# Target Dragon and Friends



## GrayWolf (May 14, 2012)

As some of you know from my videos, I have been having some hand trouble...mostly with my left thumb. I'm sure it's because of the amount I shoot and the style I have used, mostly with the thumb support. Seeing that I had no intention of slowing down my shooting, I needed to find a different style. I have shot pinch grip in the past, but the frames were too large and uncomfortable to shoot. I learned that Bill Hays has some smaller pinch grip frames and ordered a set of 3.















Almost everyone here is familiar with the HTS. I just found out that he had a smaller version so I had to have one to try. I ordered one in poly with the rubberized grip. I'm glad I did because it shoots great. Even though it is a little smaller, the grip is 2 5/8" across, it will still take a full 1" band and not wrap around the side of the fork.

The second one I got was the Eagle Scout in poly with the rubberized grip (far left in the pic). It also has the 2 5/8" grip size and is a joy to shoot. It's nice and light and the grip is so good that I can actually loosen my hold and relax my hand...at least a little.
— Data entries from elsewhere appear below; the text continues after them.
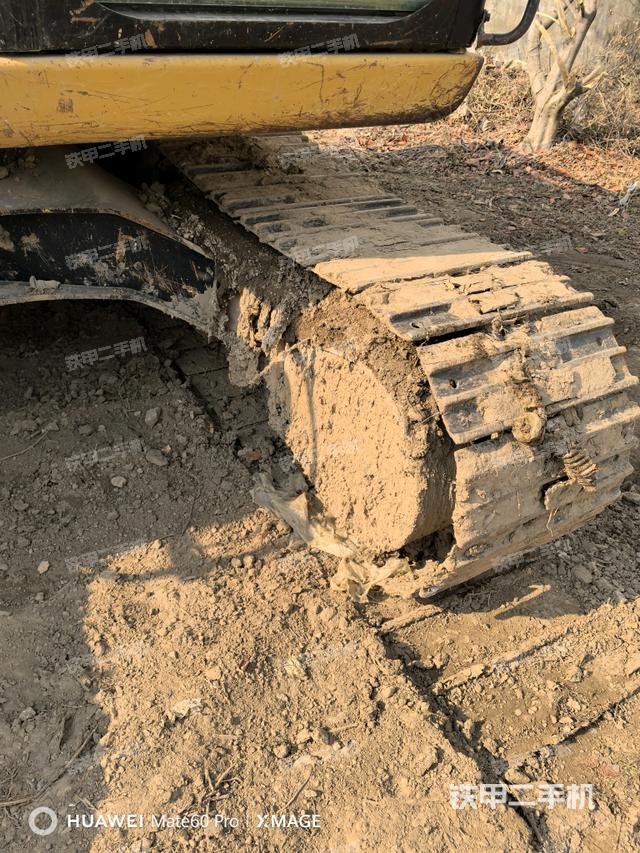 左托鏈輪和鏈筋（行走機(jī)構(gòu)）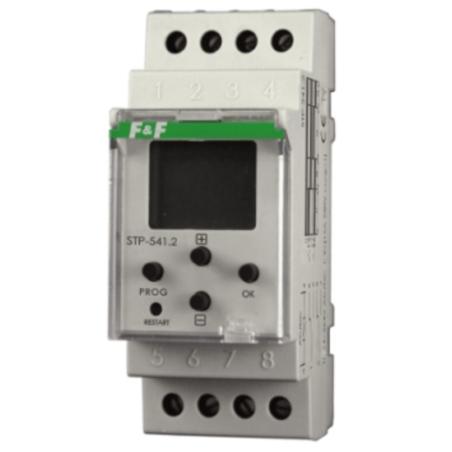 Sterownik czasowy programowalny prawo-lewo STP-541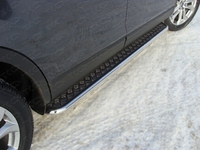 Пороги с площадкой 42,4 мм для Mazda CX-9 (2013 -) MAZCX913-02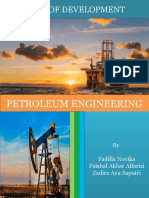 Plan of Development: Petroleum Engineering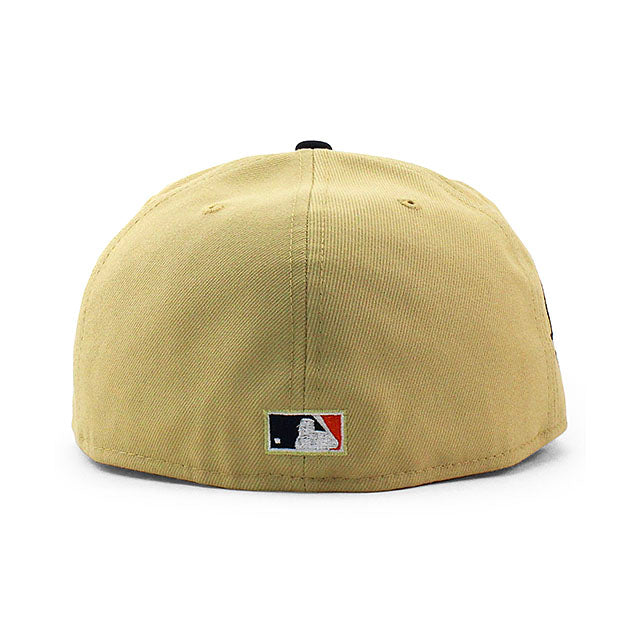 ニューエラ キャップ 59FIFTY ヒューストン アストロズ MLB 45TH GREY BOTTOM FITTED CAP V GOLD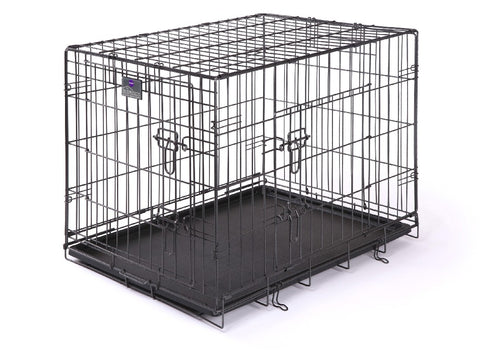Kazoo Premium Mobile Collapsible Dog Crate Large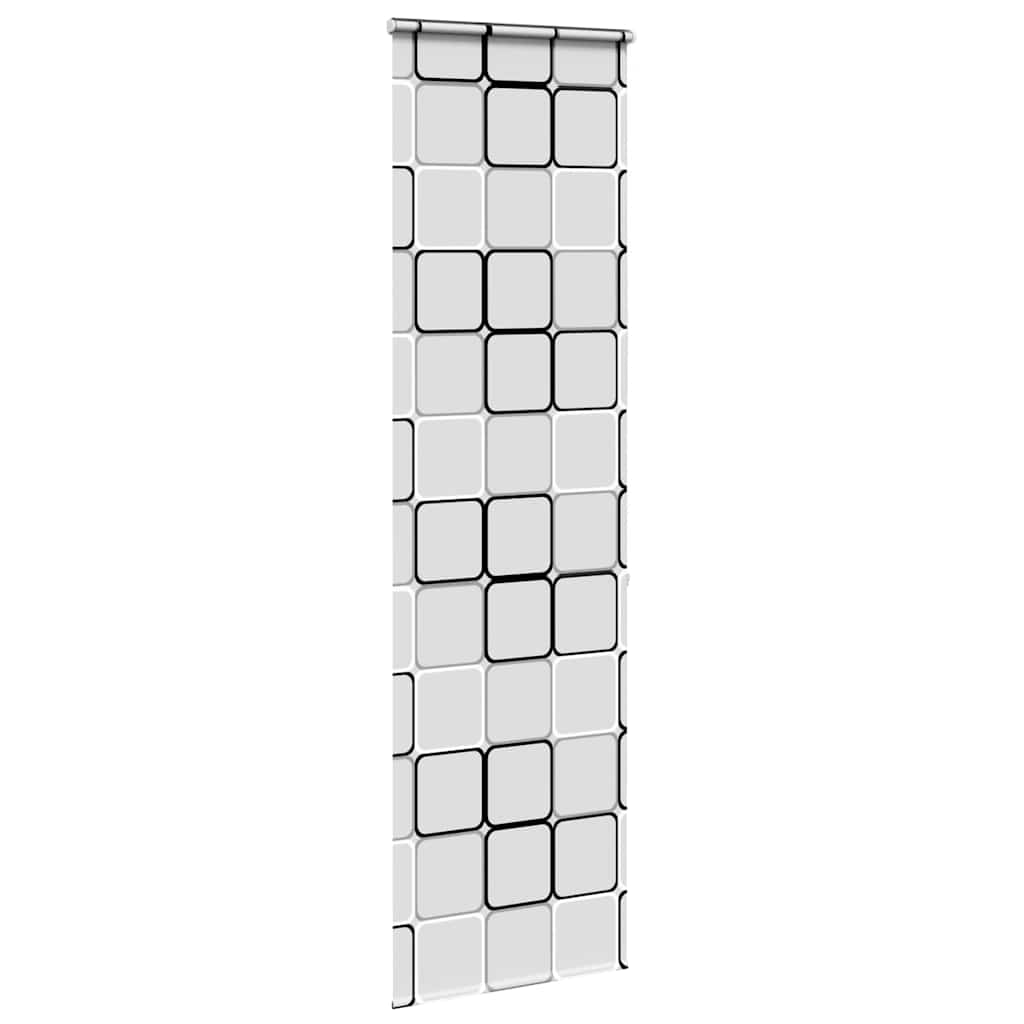Rolo zavjesa za tuš s kazetom 60x240 cm širina tkanine 56 cm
The last one was a Christmas present to myself. I saw the Target Dragon on Bills web page and asked a lot of questions before saying I'd take it. My pictures don't do it any justice at all. It's olive and black G-10 and a full 3/4" thick. There isn't a sharp edge anywhere and just melts into my hand like it was made for it.

The nice thing about these 3 is that they all shoot the same for me, so I don't have to keep adjusting every time I pick up a different one.

Thanks to Bill for keeping me shooting and to Daranda for putting up with all my emails and questions.

Todd


----------



## Samurai Samoht (Apr 6, 2013)

Thanks for sharing. I was actually just on Bill's site admiring the Target Dragon and decided to plug in a search for it here on the forum. Good timing for your post!  Trying to figure out if I want to go with the Night Fury or the Target Dragon. Very similar in design and I'm sure I can't go wrong either way.  hmmm


----------



## GrayWolf (May 14, 2012)

SamuraiSamoht said:


> Thanks for sharing. I was actually just on Bill's site admiring the Target Dragon and decided to plug in a search for it here on the forum. Good timing for your post!  Trying to figure out if I want to go with the Night Fury or the Target Dragon. Very similar in design and I'm sure I can't go wrong either way.  hmmm


Either one is a good choice. I'm very happy with every frame I have from Bill, but some are just a little big for my hands, so I went with the smaller size and now I know what works best for me.

Maybe you should order both, that way you won't have to worry about making the wrong choice .

Todd


----------



## LVO (Sep 25, 2011)

Beautiful shooters! I'm anxious to try the smaller version. The one you traded me back in '12 went to another home last year. I loved it but it was just to big to shoot a lot. Keep me in mind if you ever get tired of these! Lol


----------



## treefork (Feb 1, 2010)

Keep us updated on the progress.I'm curious about a smaller pinch myself. I mix things up on different grips ect. to avoid wear and tear. I also try to ease up on the band pull when possible.I have to get a lot more mileage out of these hands. lol


----------



## Oneproudmeximan (May 20, 2013)

Nice its a beauty enjoy


----------